### [TASK DESCRIPTION]
Which of the lines below contain the string "tròn"? Pull each one out of the data.

### [EXTRACTED MATERIAL]
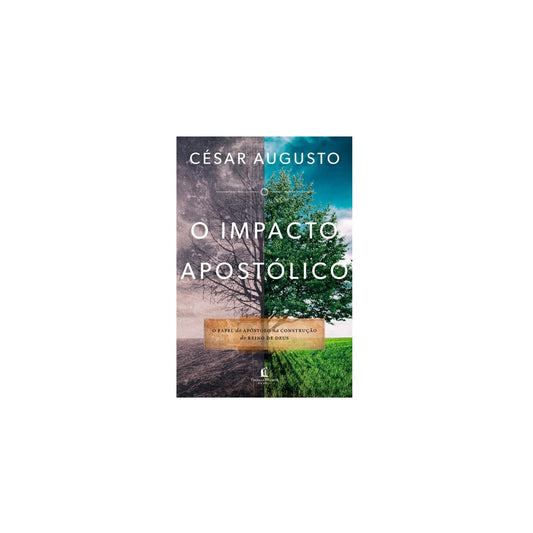 O Impacto Apostólico | César Augusto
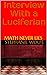 Interview With a Luciferian...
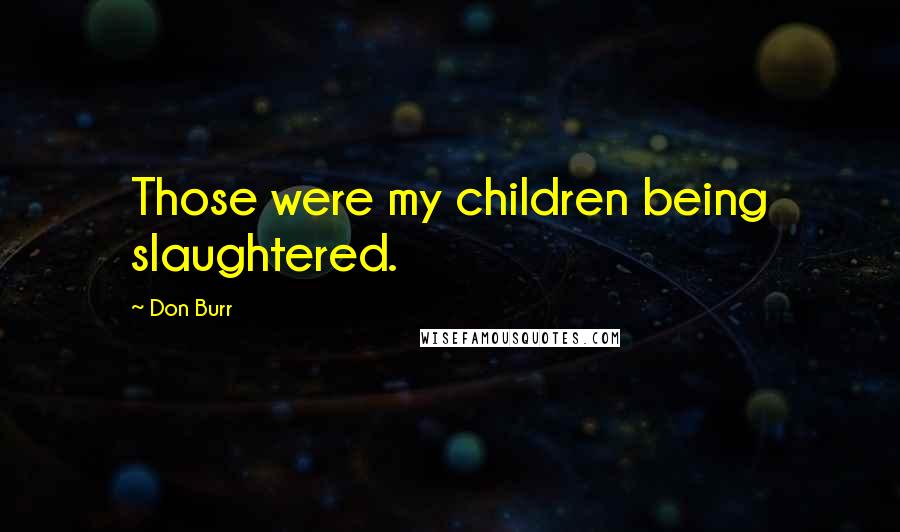 Don Burr Quotes: Those were my children being slaughtered.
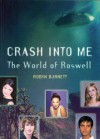 Crash Into Me: The World of Roswell - Robyn Burnett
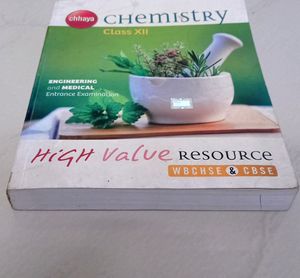 Chhaya HiGH Value RESOURCES Chemistry (Class XII)
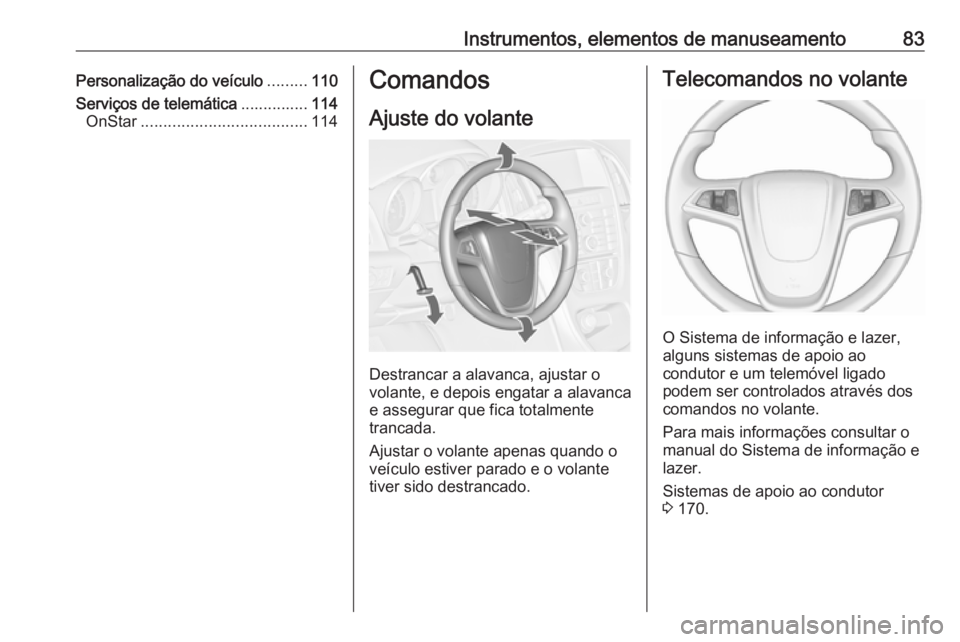 OPEL CASCADA 2017.5  Manual de Instruções (in Portugues) Instrumentos, elementos de manuseamento83Personalização do veículo.........110
Serviços de telemática ...............114
OnStar ..................................... 114Comandos
Ajuste do volante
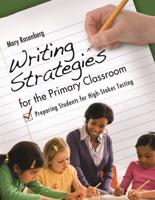 Writing Strategies for the Primary Classroom: Preparing Students for High-Stakes Testing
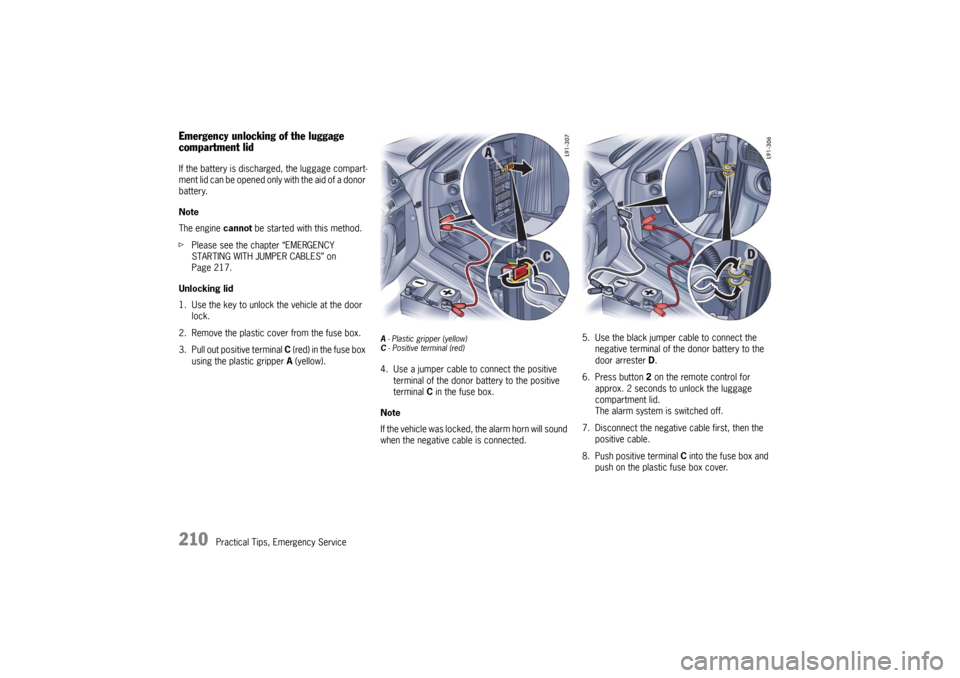 PORSCHE 911 GT3 2010 5.G Owners Manual 210
Practical Tips, Emergency Service
Emergency unlocking of the luggage 
compartment lidIf the battery is discharged, the luggage compart-
ment lid can be opened only with the aid of a donor 
battery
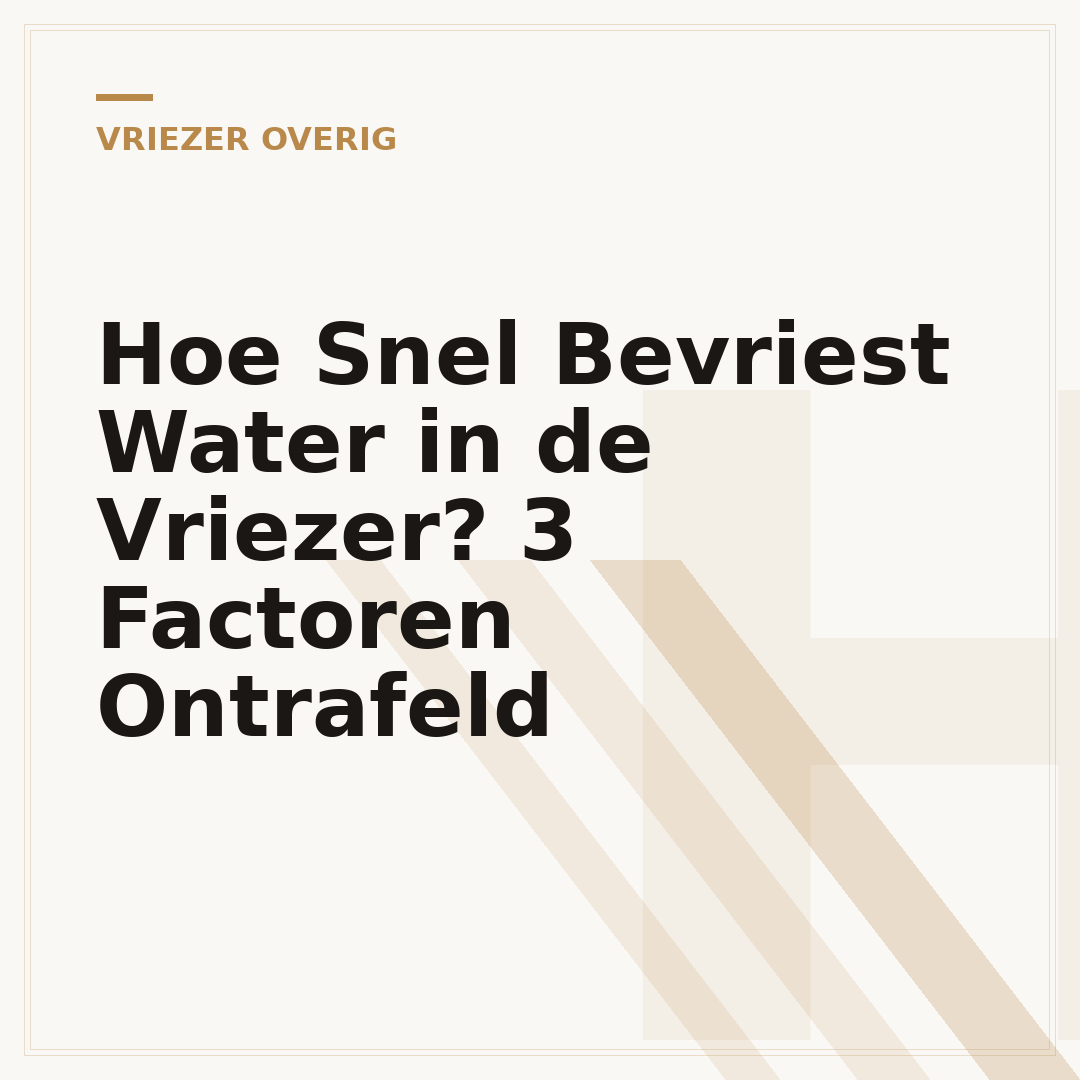 Hoe Snel Bevriest Water in de Vriezer? 3 Factoren Ontrafeld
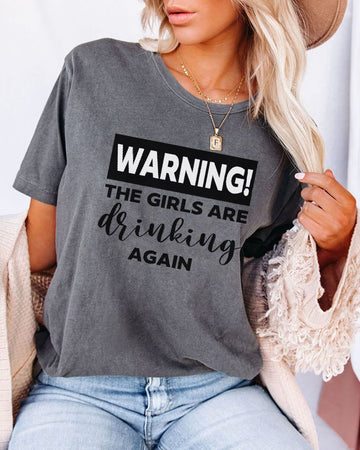 Warning The Girls Are Drinking Again Tee - Outlets Forever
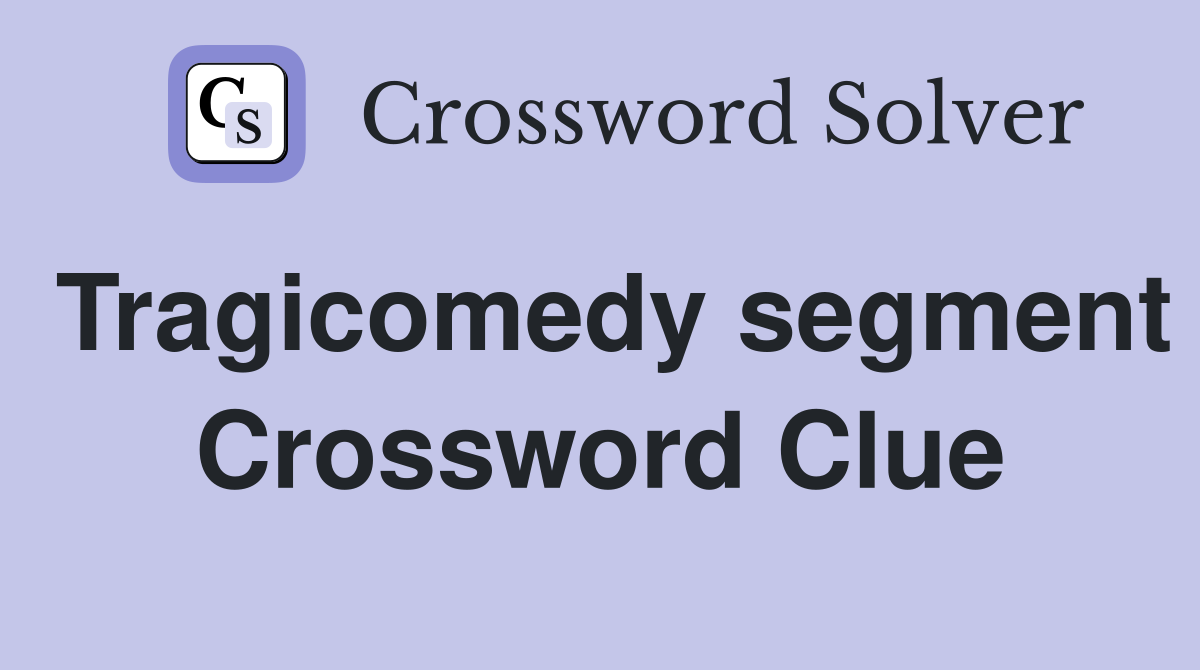 Tragicomedy segment Crossword Clue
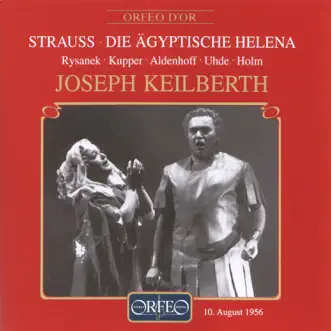 R. Strauss: Die ägyptische Helena, Op. 75 (Live) by Leonie Rysanek, Bernd Aldenhoff, Annelies Kupper, Hermann Uhde, Bavarian State Orchestra & Joseph Keilberth album reviews, ratings, credits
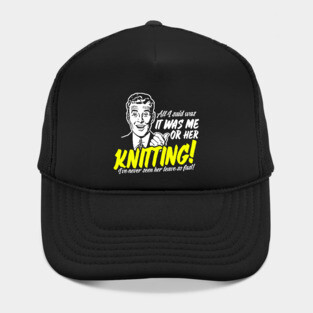 All I Said Was It Was Me Or Her Knitting Hat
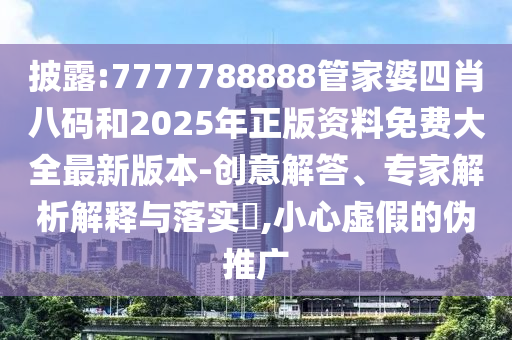 披露:7777788888管家婆四肖八碼和2025年正版資料免費(fèi)大全最新版本-創(chuàng)意解答、專家解析解釋與落實(shí)?,小心虛假的偽推廣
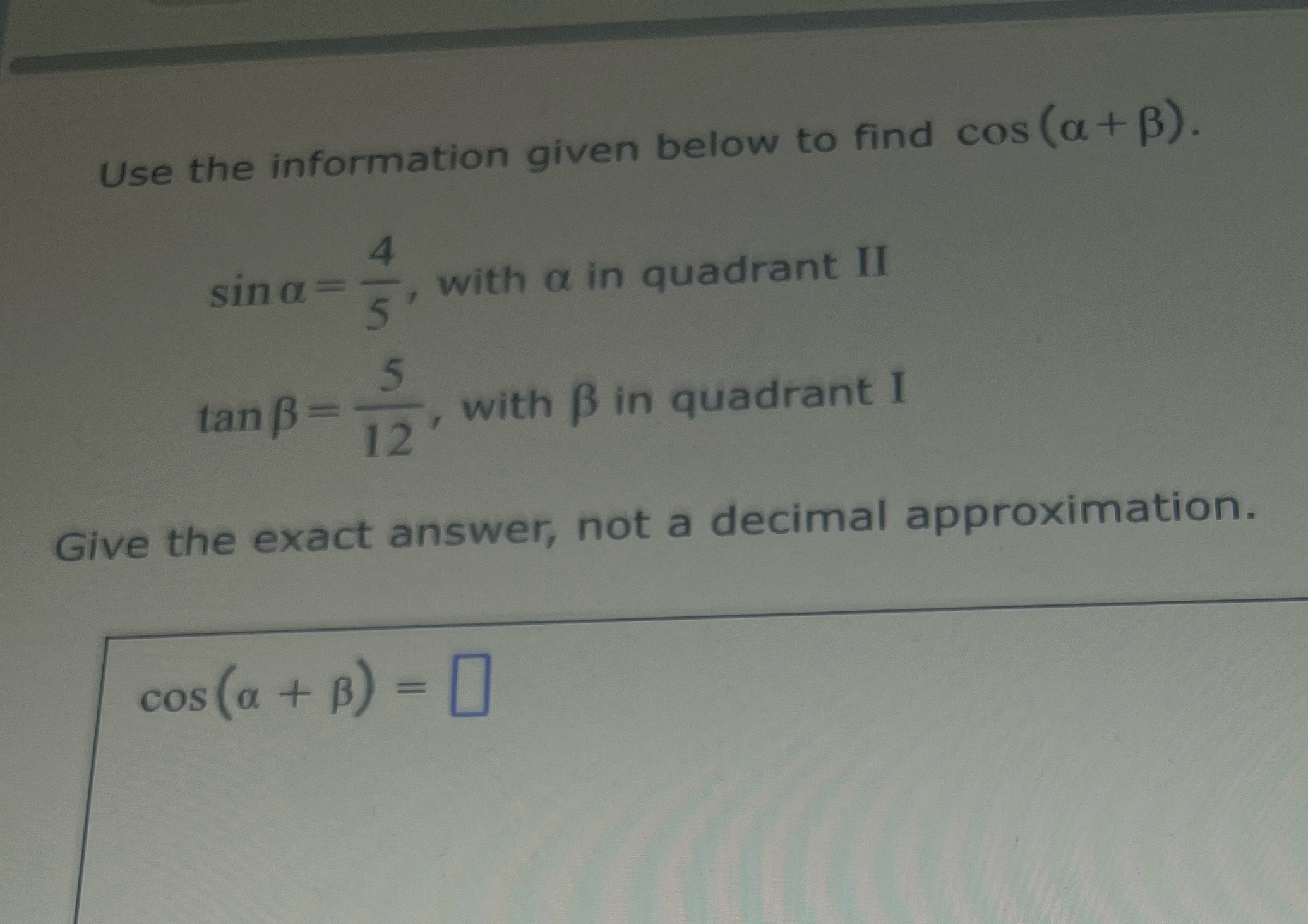  Use the information given below to find cos (a + B).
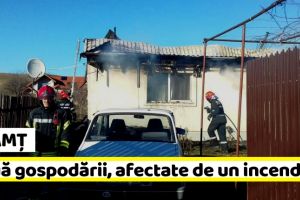 NEAMȚ: Două gospodării, afectate de un incendiu (FOTO-VIDEO)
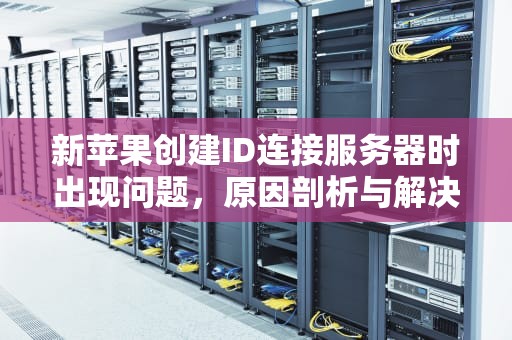 新苹果创建ID连接服务器时出现问题，原因剖析与解决之道，新苹果创建id连接服务器时出现问题怎么办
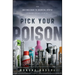 Pick Your Poison: How Our Mad Dash to Chemical Utopia Is Making Lab Rats of Us All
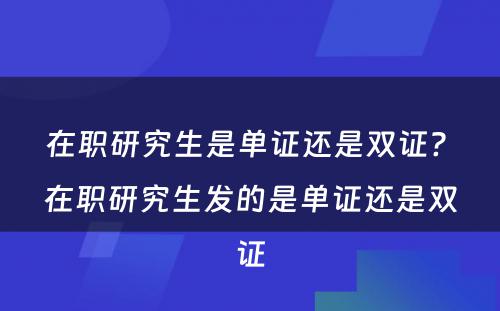 在职研究生是单证还是双证? 在职研究生发的是单证还是双证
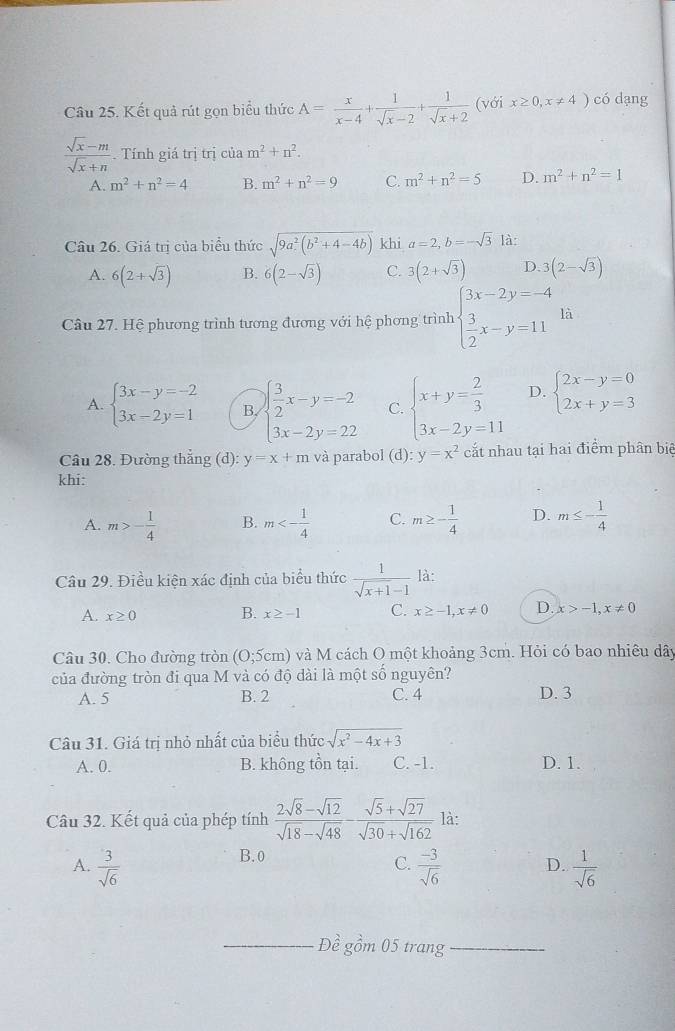 Kết quả rút gọn biểu thức A= x/x-4 + 1/sqrt(x)-2 + 1/sqrt(x)+2  (với x≥ 0,x!= 4) có dạng
 (sqrt(x)-m)/sqrt(x)+n  Tính giá trị trị của m^2+n^2.
A. m^2+n^2=4 B. m^2+n^2=9 C. m^2+n^2=5 D. m^2+n^2=1
Câu 26. Giá trị của biểu thức sqrt(9a^2(b^2+4-4b)) khi a=2,b=-sqrt(3) là:
A. 6(2+sqrt(3)) B. 6(2-sqrt(3)) C. 3(2+sqrt(3)) D 3(2-sqrt(3))
Câu 27. Hệ phương trình tương đương với hệ phơng trình beginarrayl 3x-2y=-4  3/2 x-y=11endarray. là
A. beginarrayl 3x-y=-2 3x-2y=1endarray. B. beginarrayl  3/2 x-y=-2 3x-2y=22endarray. C. beginarrayl x+y= 2/3  3x-2y=11endarray. D. beginarrayl 2x-y=0 2x+y=3endarray.
Câu 28. Đường thẳng (d): y=x+m và parabol (d):y=x^2 cắt nhau tại hai điểm phân biê
khi:
A. m>- 1/4  B. m<- 1/4  C. m≥ - 1/4  D. m≤ - 1/4 
Câu 29. Điều kiện xác định của biểu thức  1/sqrt(x+1)-1  là:
A. x≥ 0 B. x≥ -1 C. x≥ -1,x!= 0 D x>-1,x!= 0
Câu 30. Cho đường tròn (0;5cm) và M cách O một khoảng 3cm. Hỏi có bao nhiêu dây
của đường tròn đi qua M và có độ dài là một số nguyên?
A. 5 B. 2 C. 4 D. 3
Câu 31. Giá trị nhỏ nhất của biểu thức sqrt(x^2-4x+3)
A. 0. B. không tồn tại. C. -1. D. 1.
Câu 32. Kết quả của phép tính  (2sqrt(8)-sqrt(12))/sqrt(18)-sqrt(48) - (sqrt(5)+sqrt(27))/sqrt(30)+sqrt(162)  là:
B. 0
C.
A.  3/sqrt(6)   (-3)/sqrt(6)  D.  1/sqrt(6) 
_Đề gồm 05 trang_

### [SOLUTION]
Câu 30. Cho đường tròn (0;5cm) và M cách O một khoảng 3cm. Hỏi có bao nhiêu dây
của đường tròn đi qua M và có độ dài là một số nguyên?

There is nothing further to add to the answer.